═════ Material for this exercise

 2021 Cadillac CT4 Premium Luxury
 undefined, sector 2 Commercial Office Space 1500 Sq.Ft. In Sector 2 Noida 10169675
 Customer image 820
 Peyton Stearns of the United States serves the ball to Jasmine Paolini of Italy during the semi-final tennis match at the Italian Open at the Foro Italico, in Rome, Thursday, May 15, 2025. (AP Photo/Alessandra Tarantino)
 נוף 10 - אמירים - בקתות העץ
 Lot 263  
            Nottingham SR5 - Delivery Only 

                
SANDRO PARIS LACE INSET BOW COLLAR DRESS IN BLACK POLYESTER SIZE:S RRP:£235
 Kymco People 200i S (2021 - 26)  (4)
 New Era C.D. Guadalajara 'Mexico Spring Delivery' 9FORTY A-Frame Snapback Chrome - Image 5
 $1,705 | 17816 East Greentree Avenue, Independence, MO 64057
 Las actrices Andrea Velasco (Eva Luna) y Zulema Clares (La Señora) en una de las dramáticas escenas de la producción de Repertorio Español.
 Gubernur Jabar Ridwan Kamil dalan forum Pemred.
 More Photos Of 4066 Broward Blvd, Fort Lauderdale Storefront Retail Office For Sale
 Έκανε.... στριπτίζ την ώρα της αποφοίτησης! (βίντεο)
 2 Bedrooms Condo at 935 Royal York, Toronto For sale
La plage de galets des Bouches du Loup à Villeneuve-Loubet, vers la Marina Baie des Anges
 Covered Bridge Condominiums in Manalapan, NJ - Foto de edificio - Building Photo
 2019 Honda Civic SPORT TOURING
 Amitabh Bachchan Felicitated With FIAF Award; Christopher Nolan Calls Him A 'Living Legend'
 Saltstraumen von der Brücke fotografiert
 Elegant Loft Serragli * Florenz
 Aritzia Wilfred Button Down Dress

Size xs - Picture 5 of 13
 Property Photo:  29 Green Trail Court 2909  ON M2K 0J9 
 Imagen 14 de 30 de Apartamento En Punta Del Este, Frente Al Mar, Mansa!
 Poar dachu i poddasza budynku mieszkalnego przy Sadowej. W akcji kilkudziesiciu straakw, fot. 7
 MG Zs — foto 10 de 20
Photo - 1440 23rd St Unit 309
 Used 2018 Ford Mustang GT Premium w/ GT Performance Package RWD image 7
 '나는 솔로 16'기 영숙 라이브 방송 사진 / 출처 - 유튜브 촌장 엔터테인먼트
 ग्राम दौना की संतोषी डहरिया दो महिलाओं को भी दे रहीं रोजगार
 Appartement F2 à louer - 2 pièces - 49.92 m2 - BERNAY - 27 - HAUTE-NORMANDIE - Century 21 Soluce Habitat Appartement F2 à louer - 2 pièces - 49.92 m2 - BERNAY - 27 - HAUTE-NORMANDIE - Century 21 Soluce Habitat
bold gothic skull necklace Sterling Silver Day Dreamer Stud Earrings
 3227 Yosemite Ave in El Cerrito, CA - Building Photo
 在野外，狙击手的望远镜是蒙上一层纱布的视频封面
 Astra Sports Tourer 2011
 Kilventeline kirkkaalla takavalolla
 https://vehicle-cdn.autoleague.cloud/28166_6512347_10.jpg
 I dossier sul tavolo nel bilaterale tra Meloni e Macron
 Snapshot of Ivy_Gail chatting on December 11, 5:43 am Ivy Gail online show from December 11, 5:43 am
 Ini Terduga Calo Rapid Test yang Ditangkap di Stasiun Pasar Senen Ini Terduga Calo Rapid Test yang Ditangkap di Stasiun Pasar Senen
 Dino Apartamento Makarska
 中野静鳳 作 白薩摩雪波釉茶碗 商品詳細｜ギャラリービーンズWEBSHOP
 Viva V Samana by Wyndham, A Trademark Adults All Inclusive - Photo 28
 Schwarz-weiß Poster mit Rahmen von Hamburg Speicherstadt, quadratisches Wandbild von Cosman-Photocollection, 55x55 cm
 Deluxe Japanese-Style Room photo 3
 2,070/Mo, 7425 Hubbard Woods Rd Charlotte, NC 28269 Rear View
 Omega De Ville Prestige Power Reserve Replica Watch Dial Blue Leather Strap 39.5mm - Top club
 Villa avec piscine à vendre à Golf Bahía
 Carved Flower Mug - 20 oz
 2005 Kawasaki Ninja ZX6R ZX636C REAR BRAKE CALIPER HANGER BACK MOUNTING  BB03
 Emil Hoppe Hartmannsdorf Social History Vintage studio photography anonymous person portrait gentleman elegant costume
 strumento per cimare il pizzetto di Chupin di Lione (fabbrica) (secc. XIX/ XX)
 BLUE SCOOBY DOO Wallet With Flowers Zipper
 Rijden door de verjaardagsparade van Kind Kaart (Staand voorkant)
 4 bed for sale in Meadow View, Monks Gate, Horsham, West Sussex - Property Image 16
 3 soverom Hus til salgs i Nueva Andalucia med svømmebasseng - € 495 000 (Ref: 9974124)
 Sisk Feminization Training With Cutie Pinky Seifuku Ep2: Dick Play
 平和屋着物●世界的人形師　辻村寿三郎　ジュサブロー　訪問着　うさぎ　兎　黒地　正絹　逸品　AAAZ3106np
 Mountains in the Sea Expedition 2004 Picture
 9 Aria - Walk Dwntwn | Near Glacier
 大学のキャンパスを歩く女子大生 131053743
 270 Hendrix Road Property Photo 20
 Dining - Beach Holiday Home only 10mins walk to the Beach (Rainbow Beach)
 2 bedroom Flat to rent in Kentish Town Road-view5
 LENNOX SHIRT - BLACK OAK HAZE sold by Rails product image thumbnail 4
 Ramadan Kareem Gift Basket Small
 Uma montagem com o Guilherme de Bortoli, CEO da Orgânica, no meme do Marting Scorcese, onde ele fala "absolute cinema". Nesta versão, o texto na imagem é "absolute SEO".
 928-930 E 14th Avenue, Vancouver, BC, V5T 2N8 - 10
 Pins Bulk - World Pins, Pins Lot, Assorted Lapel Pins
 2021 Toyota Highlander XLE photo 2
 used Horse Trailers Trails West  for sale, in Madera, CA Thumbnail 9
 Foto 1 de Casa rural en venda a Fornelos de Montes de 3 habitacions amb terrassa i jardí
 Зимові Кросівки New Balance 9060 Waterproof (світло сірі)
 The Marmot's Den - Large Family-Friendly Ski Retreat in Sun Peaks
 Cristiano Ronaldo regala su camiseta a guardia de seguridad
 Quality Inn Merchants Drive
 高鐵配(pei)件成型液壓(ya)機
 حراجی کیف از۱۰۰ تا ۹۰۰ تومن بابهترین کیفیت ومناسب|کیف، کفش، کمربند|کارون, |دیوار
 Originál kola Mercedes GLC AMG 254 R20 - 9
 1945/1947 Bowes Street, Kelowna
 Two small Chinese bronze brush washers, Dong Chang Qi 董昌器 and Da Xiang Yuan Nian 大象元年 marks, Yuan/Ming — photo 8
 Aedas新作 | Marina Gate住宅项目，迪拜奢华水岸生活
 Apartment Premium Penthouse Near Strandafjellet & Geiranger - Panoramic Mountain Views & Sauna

══════════

What you should do:
Retype exactly the lines above, from the one with "Sisk Feminization Training" through the one with "大学のキャンパスを歩く女子大生 131053743", inclusive.

Solution to this exercise:
 Sisk Feminization Training With Cutie Pinky Seifuku Ep2: Dick Play
 平和屋着物●世界的人形師　辻村寿三郎　ジュサブロー　訪問着　うさぎ　兎　黒地　正絹　逸品　AAAZ3106np
 Mountains in the Sea Expedition 2004 Picture
 9 Aria - Walk Dwntwn | Near Glacier
 大学のキャンパスを歩く女子大生 131053743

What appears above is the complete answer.